A slow but sure unravelling. I appreciate how you begin with a statement of fact and authority:

Incandescence wrote:
This is how it is: the love is the law


but then undermine it with imagery of artifice and cosmetics:

Incandescence wrote:

and every city's applied skyliner
glosses over the difference between December
and Valentine's when we are too cool
for the thinnest parts of winter.



The past tense of
Incandescence wrote:

I was sure


...is compact, effective and wistful.

You play delightfully with the language here:

Incandescence wrote:

I later learned my love, like a flame, had been wicked
away by the city's coldest reaches


-- that one actually made me sit up a bit in appreciation, which rarely happens when I read poetry.

Your voice is strong and you have compelling fascinations here with light and darkness, fact and deception, retrospect and coming of age. I disagree with the posters who say they can't see why you formatted the poem as you did: to me it worked very well with what I feel you were trying to accomplish.
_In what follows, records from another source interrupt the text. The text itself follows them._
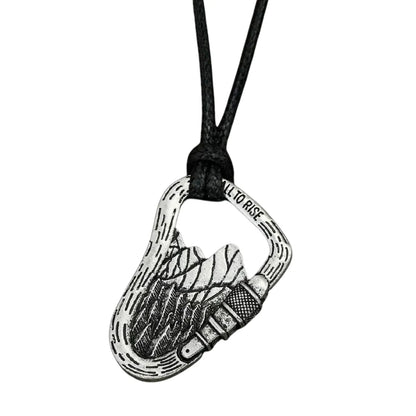 lauren spencer carabiner necklace on white background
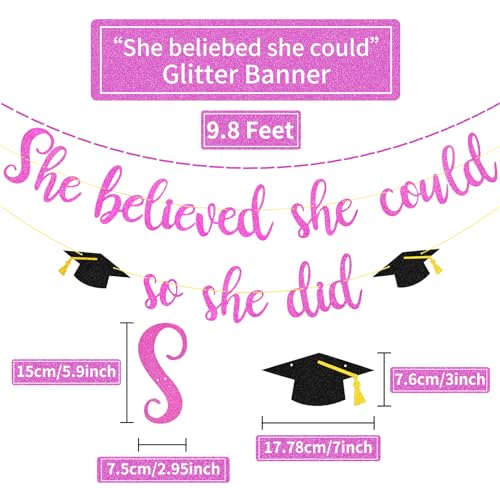 She Believed She Could Graduation Banner - Glitter Decor 2024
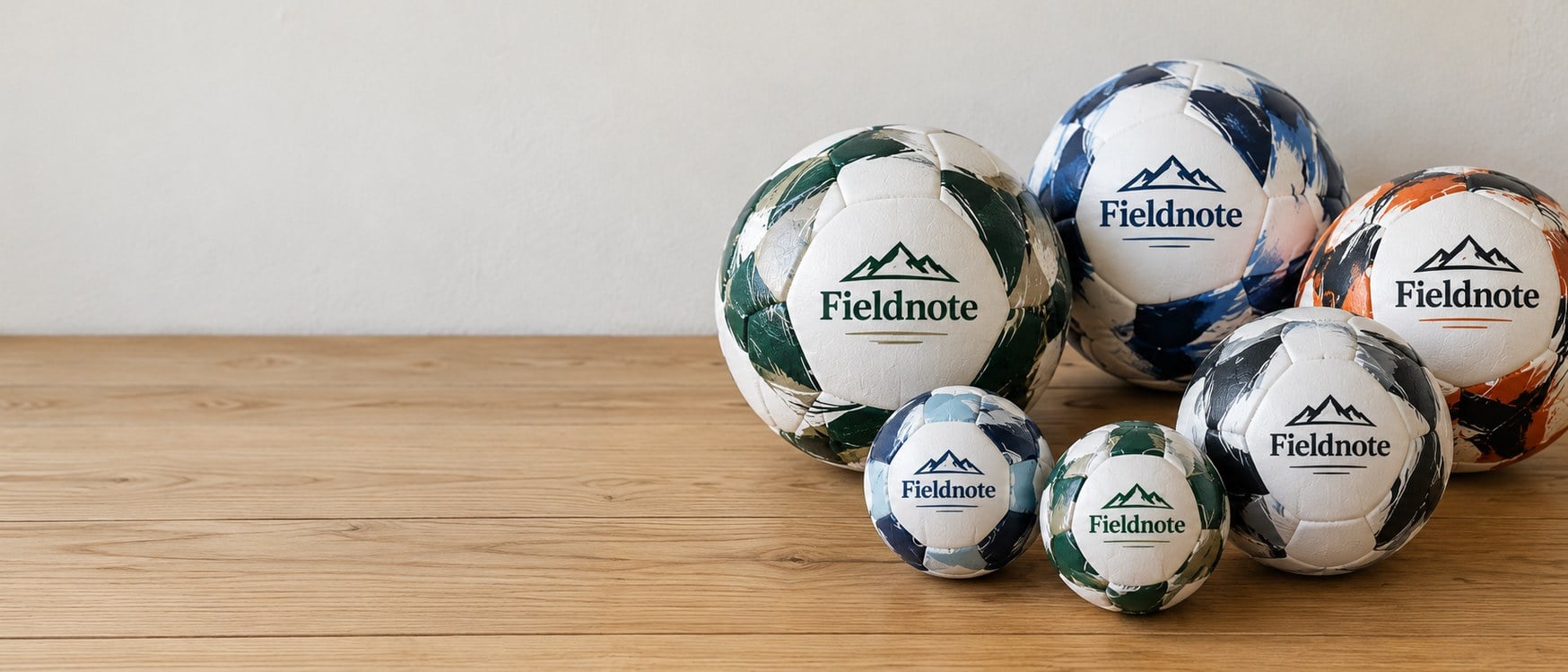 Custom soccer balls with one brand name on light oak boards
Having said all those nice things, this poem isn't really my cup of tea. It's cleverly enough executed, but somehow leaves me dissatisfied with its discombobulated feel and the sense that it doesn't exactly know what it's trying to say. Pretty phrases, but to me they lack a sense of unity and completion. I guess it's a function of personal taste, being as I am vehemently opposed to most modern poetry as being inaccessible, esoteric and scattered.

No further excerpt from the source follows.